Kendal Town Hall | |
Coordinates: | 54.3269°N -2.7471°W |
Location: | Kendal, Cumbria |
Built: | 1827 |
Architect: | Francis Webster |
Designation1: | Grade II |
Designation1 Date: | 24 April 1951 |
Designation1 Number: | 1318980 |
The Town Hall is a municipal building in Highgate, Kendal, Cumbria. It is a Grade II listed building. It serves as the headquarters of Kendal Town Council and also forms part of the complex of buildings which serves as the headquarters of Westmorland and Furness Council.[1]
The first town hall, known as the "moot hall", was built at the corner of the Market Place and Stricklandgate in 1591.[2] It was a plain white building embellished over the centuries with a Venetian window, a turret clock, a bell cote and a flagpole.[2]
In 1859, after the moot hall was deemed inadequate, the civic authorities acquired the current building at the corner of Highgate and Lowther Street. At the time the building was known as the "White Hall". It had been designed by Francis Webster and completed in 1827. It was so called because the site had previously been occupied by an earlier White Hall, where cloth was bought and sold, some of it for export to Virginia and other parts of the United States.[3] The building was designed with a large Ionic order loggia on the first floor with a pediment above on its western i.e. front elevation.
The building was converted for use as a town hall by George Webster, the original architect's son, after which it was used as the local facility for dispensing justice as well as a meeting place for the municipal borough of Kendal. The conversion involved the construction of a courtroom to the rear of the building and police cells in the basement in 1859. A large clock tower, financed by a donation from John Wakefield of Sedgwick House, was added in 1861,[3] containing a clock and carillon (manufactured by Smith & Sons of Derby);[4] the carillon plays seven different tunes (one for each day of the week) on ten bells (the largest of which weighs 46 cwt (2.3 tonnes)).[5]

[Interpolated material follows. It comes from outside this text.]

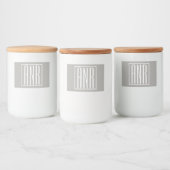 Initialmonogramm | Weiß auf hellgrau Lebensmitteletikett (Flaschen)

After the Local Government Act 1888, which established county councils in every county, the building also became the meeting place for Westmorland County Council.[6] [7] The building was extended to the north, to the designs of Stephen Shaw and financed by a donation from Alderman William Bindloss, in 1893.[3]
The County Council moved out to their own facilities at County Hall in Stricklandgate in 1939. The town hall ceased to be the local seat of government when the South Lakeland District Council was formed in 1974.[8] From 1974 to 1991, South Lakeland District Council was based at Stricklandgate House, the former offices of South Westmorland Rural District Council. In 1991 the council moved to a new building called South Lakeland House, immediately behind Kendal Town Hall, on a site formerly occupied by a police station. The main public entrance to South Lakeland House was down an alleyway beside the town hall.[9]
In February 2019 South Lakeland District Council announced works costing £4.9 million to convert the town hall into a reception centre for both the Town Council and the District Council, using part of the ground floor as a reception area for the offices in South Lakeland House behind the town hall, and bringing council meetings back into the town hall itself. Space was also provided to be a hub for small businesses.[10] The refurbished building reopened in May 2021.[11]
Further local government reform in 2023 saw South Lakeland District Council replaced by the new unitary authority of Westmorland and Furness Council. The new council chose to use Kendal Town Hall and the adjoining South Lakeland House as its official headquarters.[12] Full council meetings were initially held at County Hall in Kendal, but in 2024 the council decided to close that building and move meetings to Kendal Town Hall.[13]
Works of art held in the town hall include Queen Catherine Parr's prayer book,[14] a ceremonial sword presented to the town by King Charles I[15] and a painting by George Romney depicting "King Lear in the Tempest Tearing off his Robes".[16] Outside the building is a lump of stone known as the "Calling Stone", formerly part of Stricklandgate Market Cross, at which the accessions of new monarchs have historically been announced to the local people.[3]